The task: Reproduce the records exactly, beginning with their first line and ending with the line that contains "kingdom 10-9788419600615", and output nothing more.

Data for processing:
►

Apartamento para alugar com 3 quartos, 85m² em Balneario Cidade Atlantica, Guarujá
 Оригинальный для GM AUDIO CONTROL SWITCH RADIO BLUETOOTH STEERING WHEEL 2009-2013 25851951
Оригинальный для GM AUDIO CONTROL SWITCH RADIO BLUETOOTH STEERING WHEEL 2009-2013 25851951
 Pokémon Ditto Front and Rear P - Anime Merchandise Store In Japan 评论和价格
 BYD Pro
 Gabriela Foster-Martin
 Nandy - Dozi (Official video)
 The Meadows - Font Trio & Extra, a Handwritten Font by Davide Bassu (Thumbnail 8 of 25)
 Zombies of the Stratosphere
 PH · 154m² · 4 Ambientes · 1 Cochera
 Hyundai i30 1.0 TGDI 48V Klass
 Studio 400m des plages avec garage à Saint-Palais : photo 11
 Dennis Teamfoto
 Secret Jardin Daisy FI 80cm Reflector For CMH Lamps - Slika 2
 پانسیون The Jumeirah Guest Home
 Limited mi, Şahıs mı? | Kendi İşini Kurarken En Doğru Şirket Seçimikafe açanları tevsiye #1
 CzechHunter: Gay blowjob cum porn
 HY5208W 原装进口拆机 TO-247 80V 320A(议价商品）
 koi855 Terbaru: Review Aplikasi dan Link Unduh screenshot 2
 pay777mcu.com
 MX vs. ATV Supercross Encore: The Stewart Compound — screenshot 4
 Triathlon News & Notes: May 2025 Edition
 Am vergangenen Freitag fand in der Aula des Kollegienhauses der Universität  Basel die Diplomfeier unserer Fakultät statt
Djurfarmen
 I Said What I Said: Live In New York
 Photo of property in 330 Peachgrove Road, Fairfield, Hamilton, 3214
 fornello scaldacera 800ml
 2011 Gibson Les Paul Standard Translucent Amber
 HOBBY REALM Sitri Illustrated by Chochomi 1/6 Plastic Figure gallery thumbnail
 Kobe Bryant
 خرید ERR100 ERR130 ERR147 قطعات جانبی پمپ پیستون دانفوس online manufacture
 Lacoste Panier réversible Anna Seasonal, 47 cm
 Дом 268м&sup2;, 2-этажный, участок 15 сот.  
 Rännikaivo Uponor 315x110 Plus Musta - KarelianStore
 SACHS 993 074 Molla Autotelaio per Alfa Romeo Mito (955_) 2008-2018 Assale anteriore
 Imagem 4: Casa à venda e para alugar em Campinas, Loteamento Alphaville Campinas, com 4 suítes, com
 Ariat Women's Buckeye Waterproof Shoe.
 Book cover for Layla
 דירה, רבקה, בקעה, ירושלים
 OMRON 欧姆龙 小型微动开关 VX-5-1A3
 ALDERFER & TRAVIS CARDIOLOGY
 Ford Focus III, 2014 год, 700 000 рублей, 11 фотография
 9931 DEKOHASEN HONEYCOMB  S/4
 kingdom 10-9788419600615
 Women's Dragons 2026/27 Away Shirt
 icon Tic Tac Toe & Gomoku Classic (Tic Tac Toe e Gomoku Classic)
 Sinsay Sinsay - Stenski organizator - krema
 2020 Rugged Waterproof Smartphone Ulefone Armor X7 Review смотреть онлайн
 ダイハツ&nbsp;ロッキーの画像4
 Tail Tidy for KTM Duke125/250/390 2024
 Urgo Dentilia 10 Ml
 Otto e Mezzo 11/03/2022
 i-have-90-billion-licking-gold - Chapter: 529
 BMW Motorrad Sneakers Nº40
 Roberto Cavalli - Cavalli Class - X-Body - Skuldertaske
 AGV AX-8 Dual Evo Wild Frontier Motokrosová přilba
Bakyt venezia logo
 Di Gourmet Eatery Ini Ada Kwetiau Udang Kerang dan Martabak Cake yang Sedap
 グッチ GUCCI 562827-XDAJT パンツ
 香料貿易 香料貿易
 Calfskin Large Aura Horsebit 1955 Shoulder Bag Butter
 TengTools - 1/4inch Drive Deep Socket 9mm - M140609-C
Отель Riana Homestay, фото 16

◄

Task answer:
Apartamento para alugar com 3 quartos, 85m² em Balneario Cidade Atlantica, Guarujá
 Оригинальный для GM AUDIO CONTROL SWITCH RADIO BLUETOOTH STEERING WHEEL 2009-2013 25851951
Оригинальный для GM AUDIO CONTROL SWITCH RADIO BLUETOOTH STEERING WHEEL 2009-2013 25851951
 Pokémon Ditto Front and Rear P - Anime Merchandise Store In Japan 评论和价格
 BYD Pro
 Gabriela Foster-Martin
 Nandy - Dozi (Official video)
 The Meadows - Font Trio & Extra, a Handwritten Font by Davide Bassu (Thumbnail 8 of 25)
 Zombies of the Stratosphere
 PH · 154m² · 4 Ambientes · 1 Cochera
 Hyundai i30 1.0 TGDI 48V Klass
 Studio 400m des plages avec garage à Saint-Palais : photo 11
 Dennis Teamfoto
 Secret Jardin Daisy FI 80cm Reflector For CMH Lamps - Slika 2
 پانسیون The Jumeirah Guest Home
 Limited mi, Şahıs mı? | Kendi İşini Kurarken En Doğru Şirket Seçimikafe açanları tevsiye #1
 CzechHunter: Gay blowjob cum porn
 HY5208W 原装进口拆机 TO-247 80V 320A(议价商品）
 koi855 Terbaru: Review Aplikasi dan Link Unduh screenshot 2
 pay777mcu.com
 MX vs. ATV Supercross Encore: The Stewart Compound — screenshot 4
 Triathlon News & Notes: May 2025 Edition
 Am vergangenen Freitag fand in der Aula des Kollegienhauses der Universität  Basel die Diplomfeier unserer Fakultät statt
Djurfarmen
 I Said What I Said: Live In New York
 Photo of property in 330 Peachgrove Road, Fairfield, Hamilton, 3214
 fornello scaldacera 800ml
 2011 Gibson Les Paul Standard Translucent Amber
 HOBBY REALM Sitri Illustrated by Chochomi 1/6 Plastic Figure gallery thumbnail
 Kobe Bryant
 خرید ERR100 ERR130 ERR147 قطعات جانبی پمپ پیستون دانفوس online manufacture
 Lacoste Panier réversible Anna Seasonal, 47 cm
 Дом 268м&sup2;, 2-этажный, участок 15 сот.  
 Rännikaivo Uponor 315x110 Plus Musta - KarelianStore
 SACHS 993 074 Molla Autotelaio per Alfa Romeo Mito (955_) 2008-2018 Assale anteriore
 Imagem 4: Casa à venda e para alugar em Campinas, Loteamento Alphaville Campinas, com 4 suítes, com
 Ariat Women's Buckeye Waterproof Shoe.
 Book cover for Layla
 דירה, רבקה, בקעה, ירושלים
 OMRON 欧姆龙 小型微动开关 VX-5-1A3
 ALDERFER & TRAVIS CARDIOLOGY
 Ford Focus III, 2014 год, 700 000 рублей, 11 фотография
 9931 DEKOHASEN HONEYCOMB  S/4
 kingdom 10-9788419600615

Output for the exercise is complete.